Jenny Woods to Niall Hobhouse
Well Niall, (if you’ll pardon the expletive) that’s one hell of a hole you’ve made!
I went to visit the garden today. I got my mourning out of the way first by looking through my old photos of the place as I used to love it - then went to visit with a clear mind. Even so I was pretty blown away by the site in its new nakedness. The effect of topography is so much more pronounced without the disguise of the earlier planting - and it was quite difficult to get a human feeling of scale in the empty space - at first I thought how much smaller it felt, but then, after visiting the remainder of the garden, I came back to the walled area and thought how large it seemed. The rest of the garden has a melancholy beauty, with roses still blooming on the wall even in December - and one half expects to find Sleeping Beauty lying in state in the tea room!
If one can anthropomorphise a space - there was a sense of waiting, of expectancy, but also of great peace in the emptiness.

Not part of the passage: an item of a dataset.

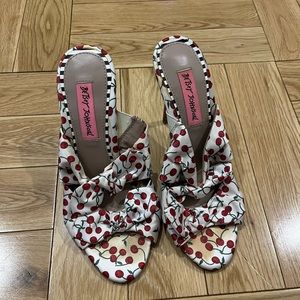 Betray Johnson Heels Cherry Print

There were looming clouds all morning then, just as I was about to leave, the winter sun came out through the bare branches of the surrounding trees, reflecting in the water-filled wheel-ruts like a Grimshaw painting - truly lovely even “in the bleak midwinter”.
More than anything else this made me feel that FOA’s busy-busy zig-zags are not the solution to the space (if you’ll excuse the gut-feelings of a “small domestic” garden designer compared to the detailed analysis of a full-blown architectural practice!) I’d been thinking this with my head for a while - the single design speed with no respite, the difficulty of maintenance, the failure to understand how garden visitors behave in a space - but being in the garden actually makes you feel this emotionally - in the heart too. It is still a garden, even though emptied, and has its own distinctiveness: the woods; the fields; the seedling aquilegias still giving it their best shot; the howling wind coming up through the south gate! You seemed to hint in your last email that the design might yet evolve and, if the vote of one dedicated garden visitor counts then I really think that should happen.

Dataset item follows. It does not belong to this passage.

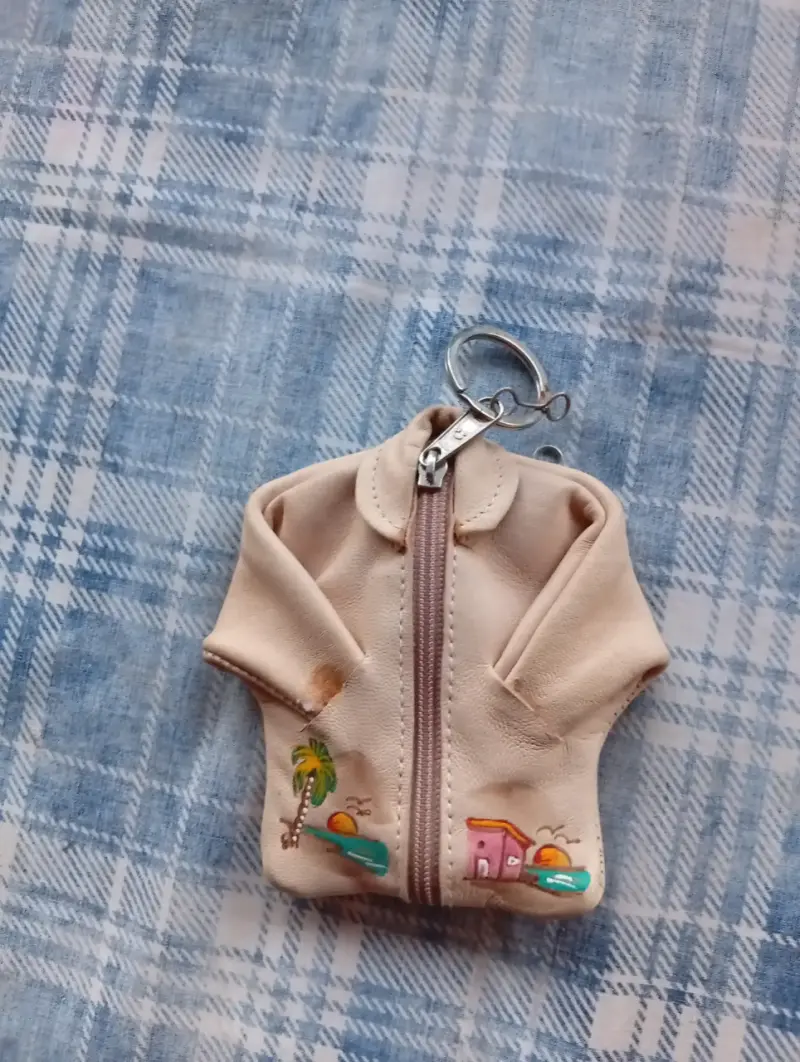 Llavero chaqueta artesanal beige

The FOA design is an imaginative response to the topography and channels visitors around to look at planting schemes, but what then? On previous visits I’ve seen people happy just to be in the space - toddlers running on the lawn, dedicated plantaholics photographing the national collection (what happened to that?) older folks sitting in the sun, garden enthusiasts like me with notebooks jotting down ideas. Even if it remains a private space - what is going to make you want to sit in there peacefully of an evening and watch the light change?
Enough ranting! Thank-you for letting me visit - you have an amazing space to be creative in. The worst destruction has passed now and, although there’s a huge amount of work to be done, I’m sure the process of creating the new garden will be extremely satisfying. Can’t wait to see how it progresses!